President Ma Ying-jeou (馬英九) raised eyebrows recently when it was revealed that his lawyer had filed a letter of committal for trial to the Taipei District Court with regard to a forgery lawsuit Ma filed against Prosecutor Hou Kuan-jen (侯寬仁) in January last year.
Hou was one of the prosecutors probing Ma’s handling of his special allowance funds when Ma was Taipei mayor, minister of justice, vice chairman of the Mainland Affairs Council and other posts.
Ma accused Hou of inaccurately documenting his questioning of Wu Li-ju (吳麗洳), a Taipei City Government treasurer, about how Ma used his special mayoral fund.
PHOTO: LIAO CHEN-HUI, TAIPEI TIMES
‘BIAS’
Last year Ma asked the court to remove three prosecutors from his cases, citing “bias,” but State Public Prosecutor-General Chen Tsung-ming (陳聰明) rejected the request.
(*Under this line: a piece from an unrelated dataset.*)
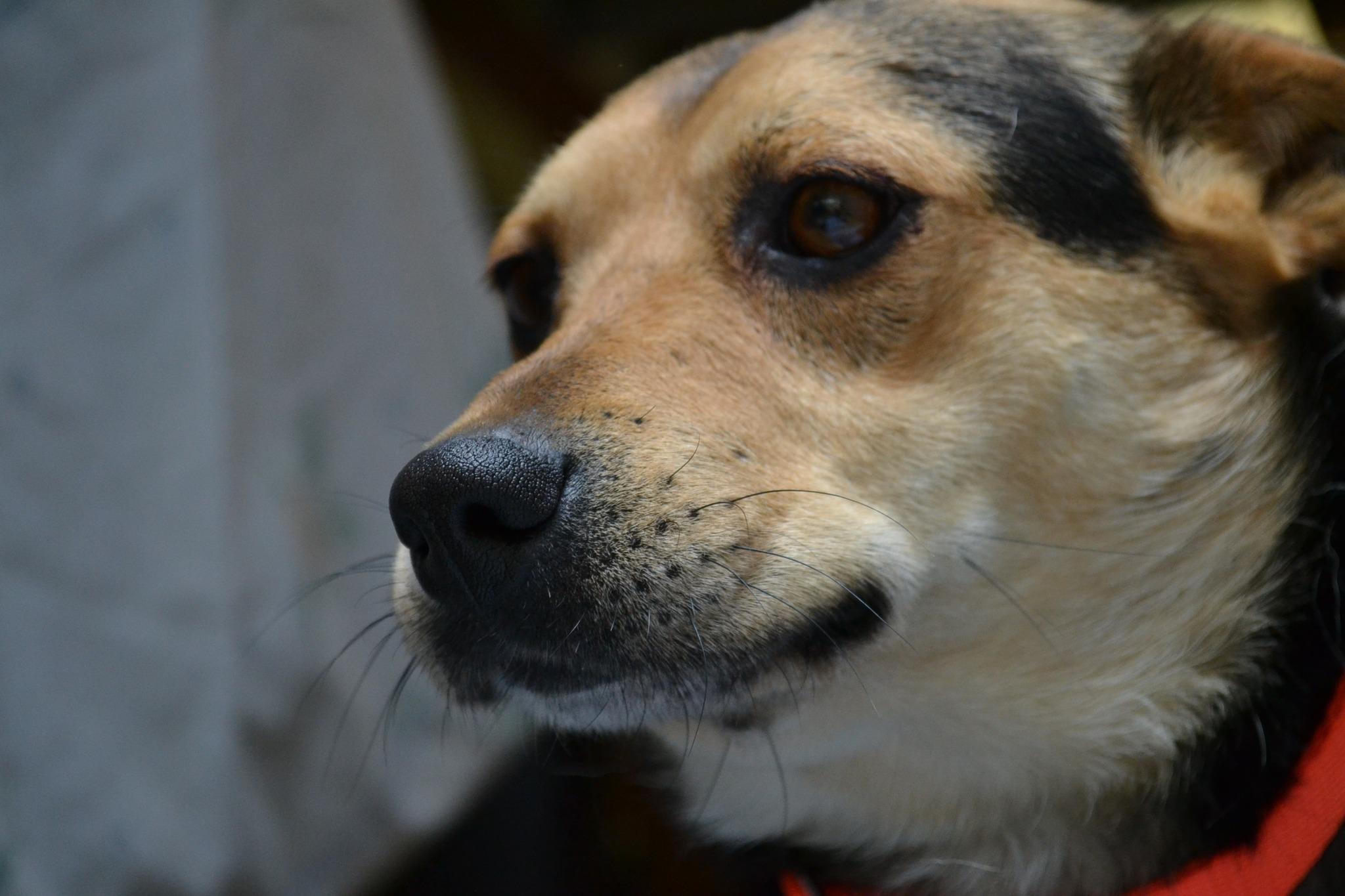 Enlarge Moon Pie, a ADOPTABLE mixed breed in Chardon, OH image 2/5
The Presidential Office defended Ma’s decision to go after Hou, arguing that the move was not out of personal interest but to serve as an example to others.
Minister of Justice Wang Ching-feng (王清峰) said she respected the president’s right to do so.
Former vice president Annette Lu (呂秀蓮) said Hou might deserve scrutiny, but he alone must not be targeted.
Lu is also under investigation for her use of the special allowance fund during her stint as Taoyuan County commissioner. Lu urged Ma to help all those embroiled in cases involving the discretionary fund, which she described as a “historic glitch.”
Former premier Frank Hsieh (謝長廷) criticized Ma for sabotaging the constitutional system, saying Ma should step down and give up his presidential immunity before filing the appeal.
Judicial Reform Foundation executive director Kao Yung-cheng (高涌誠) said that he did not see how Ma would benefit from the lawsuit or how, in Ma’s word, his decision would serve the public interest.
Kao said he did not blame Ma’s legal advisers for making such a suggestion, but Ma — a law graduate and seasoned politician — did not seem to have the political wisdom to make the best decision.
It would be a lose-lose situation for Ma, Kao said, because the public would doubt the impartiality of the court if Ma wins, and Ma would put himself in an awkward position if he loses.
Statistics show that the odds of Ma winning the case are one in a thousand, Kao said, adding that he was “99 percent sure the court would turn down Ma’s request.”
Kao said legally Ma had the right to go after Hou as a civilian, but the question was whether it was necessary for the president to desert administrative means and seek justice in court.
As prosecutors are civil servants, Kao said Ma could have the justice minister or state public prosecutor-general mete out punishment had Hou done anything wrong.
Ma could also make efforts to improve the evaluation system of prosecutors, strengthen their exit mechanism or ask the government watchdog, the Control Yuan, to step in.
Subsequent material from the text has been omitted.